(Work to complete):
With all pictures excluded, restate the records that follow exactly as written.

(Data excerpts):

::::

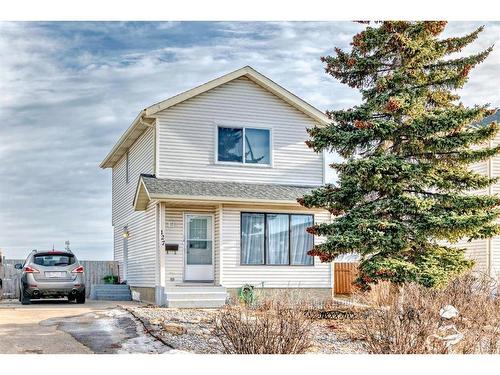 127 Abalone Way Ne, Calgary, AB - Outdoor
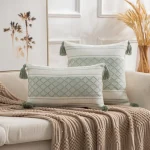Fundas de Cojin con detalles bordados y pompones verde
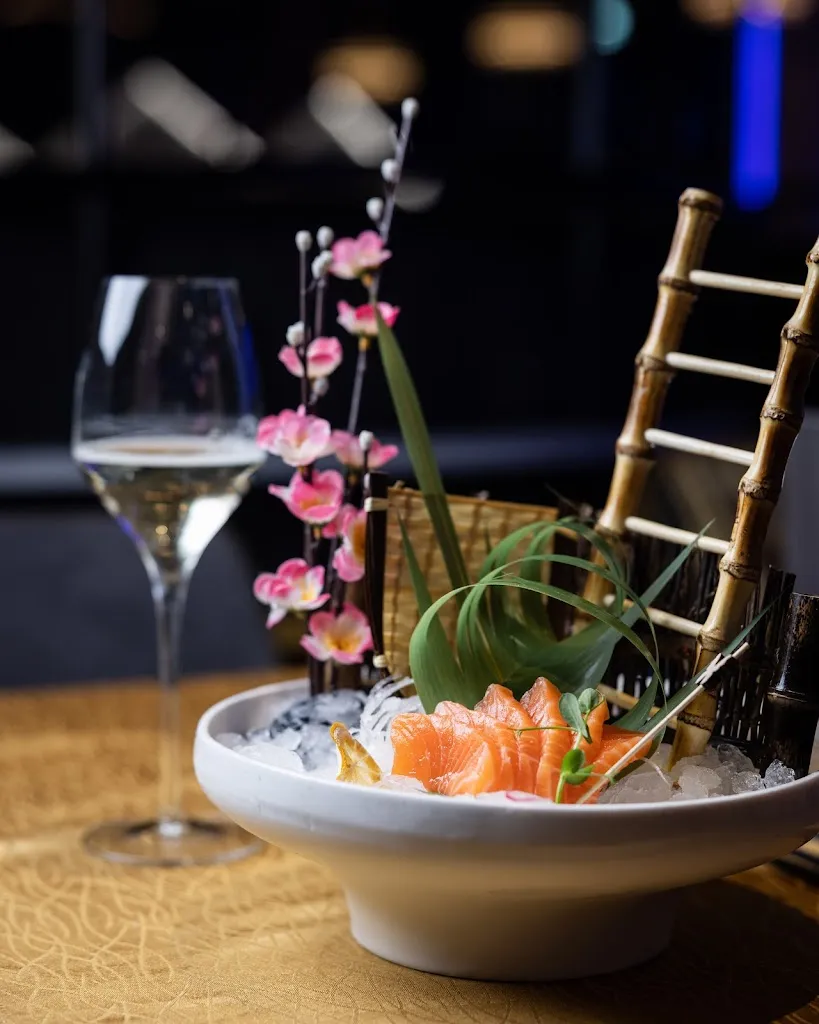 Shiko' Lounge and Restaurant - Pederobba - Sushi_Pederobba_slider_image_3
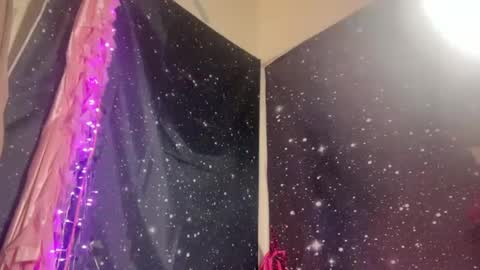 Emi Rose online show from January 3, 5:50 am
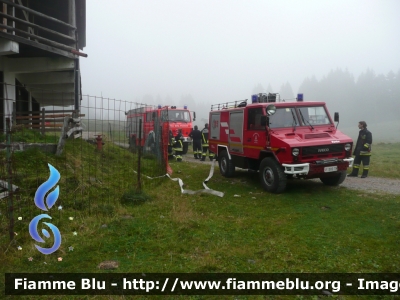 Iveco VM90
Vigili del Fuoco
Unione Distrettuale Alto Garda e Ledro
Corpo Volontario di Tiarno di Sopra
VF D00 TN
Parole chiave: Iveco VM90 VFD00TN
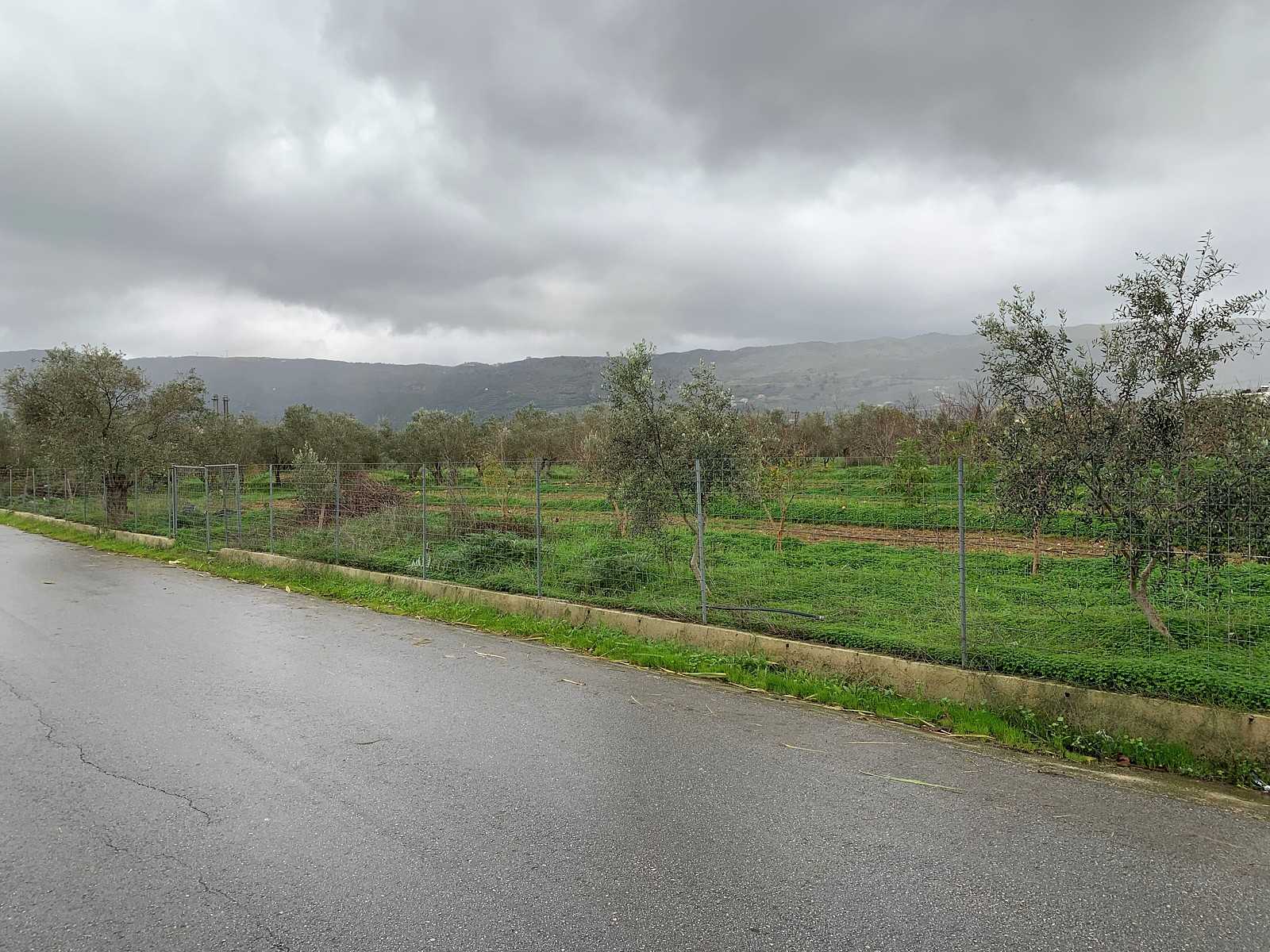 Commercial plot for sale in Chania, Crete. ID 03-1729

::::

(Answer to this exercise):
 127 Abalone Way Ne, Calgary, AB - Outdoor
Fundas de Cojin con detalles bordados y pompones verde
 Shiko' Lounge and Restaurant - Pederobba - Sushi_Pederobba_slider_image_3
 Emi Rose online show from January 3, 5:50 am
 Iveco VM90
Vigili del Fuoco
Unione Distrettuale Alto Garda e Ledro
Corpo Volontario di Tiarno di Sopra
VF D00 TN
Parole chiave: Iveco VM90 VFD00TN
 Commercial plot for sale in Chania, Crete. ID 03-1729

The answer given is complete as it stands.